Elkhan Shahinoglu, the head of the Baku-based Atlas think tank, says it's a strategy that plays into the hands of Aliyev, who has presented himself as above the fray, making only a few posed campaign appearances and never appealing directly to the public for votes.
"The public's indifference to political processes is a negative," he says. "And it works in the government's favor because they can attempt to win elections without expending much energy on it. If you pay attention, you can see the ruling party has not even bothered to hold a major rally in Baku."
But Aliyev's absence has also left the spotlight with few places to turn but Hasanli.
And Hasanli -- in a tactic reminiscent of Russia's rising star of rogue politics, Aleksei Navalny -- has used his air time to launch a calculated assault on government corruption and what he says is Aliyev's steady appropriation of billions of dollars in petro-profits.
"I have brought documents showing I get 2,000 manats [in pension payments]," he said in one debate.
"I want to ask [YAP party leader] Ali Ahmadov whether he has brought documents for the 48 billion manats ($61 billion) Aliyev has taken out of the country.
"Has he brought the documents for the $75 million Dubai villas? Has he brought documents for the bribe Ilham Aliyev personally took, which was confirmed by a New York court? Has he brought documents of properties and financial resources that the Aliyev family has stolen from this country? If he hasn't, I've brought all of those documents together with the bank accounts."
Hasanli has also taken his crusade to the regions, appearing at a series of public rallies that have drawn modest crowds in the mid-thousands despite being relegated to marginal locations and conducted under heavy police watch.
Numerous attendants told RFE/RL's Azerbaijani Service that they had been threatened with losing their job or harassment if they attended the gatherings, and the sons of two high-profile opposition figures, Popular Front leader Ali Kerimli and Hasanli's spokesman, Oqtay Gulaliyev, have been alternately jailed and attacked in the days leading up to the vote.
International Concern
Authorities have denied any political motive behind the violence.

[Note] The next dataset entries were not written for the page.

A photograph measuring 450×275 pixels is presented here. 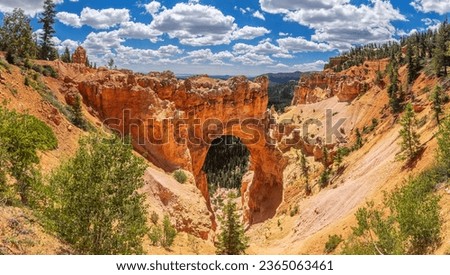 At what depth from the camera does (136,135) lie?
4247cm

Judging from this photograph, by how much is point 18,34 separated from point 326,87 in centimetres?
8990

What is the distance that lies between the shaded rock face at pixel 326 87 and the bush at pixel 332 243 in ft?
223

But the United Nations, the European Union, and the Organization for Security and Cooperation in Europe (OSCE) have all expressed concern over "continued pressure" on activists, journalists, and opposition politicians in the run-up to the vote.
Members of the National Council say they believe a free and fair vote would deliver a victory for their camp, including their proposal to create a two-year transitional government that would pave the way for fresh elections, constitutional rewrites, and the abolition of censorship.
It's a theory that is almost impossible to test in a country that routinely receives low marks for elections and where the OSCE, in an October 1 interim report, noted "intimidation of family members of political figures" and uneven access to administrative resources.
But the opposition says the fight doesn't end on October 9. Gozel Bayramli, the deputy head of the Popular Front, says the coalition is determined to stand firm even when the election is over.
"It's not a structure aimed at the elections," she says. "The National Council has a long-term vision. Our goal is to move from authoritarianism to democracy, to establish democracy. Until that happens, it's urgently important that the democratic forces remain united. We're trying for that; that's our goal."
A united opposition alone may not be enough to create seismic change in one of the former Soviet Union's most entrenched autocracies.
But it might prove a powerful factor if and when Aliyev's regime -- built on unpredictable oil profits and a venal patronage system -- may start to wobble.
In the meantime, Hasanli's message of endemic corruption is getting across to the people who, in his vision of a future democratic Azerbaijan, matter most -- the voters.
"Imagine I vote for you," a Baku resident told Hasanli. "You won't be elected. Even if 50-60 percent vote for you, you won't be elected. Aliyev is ready to take the post."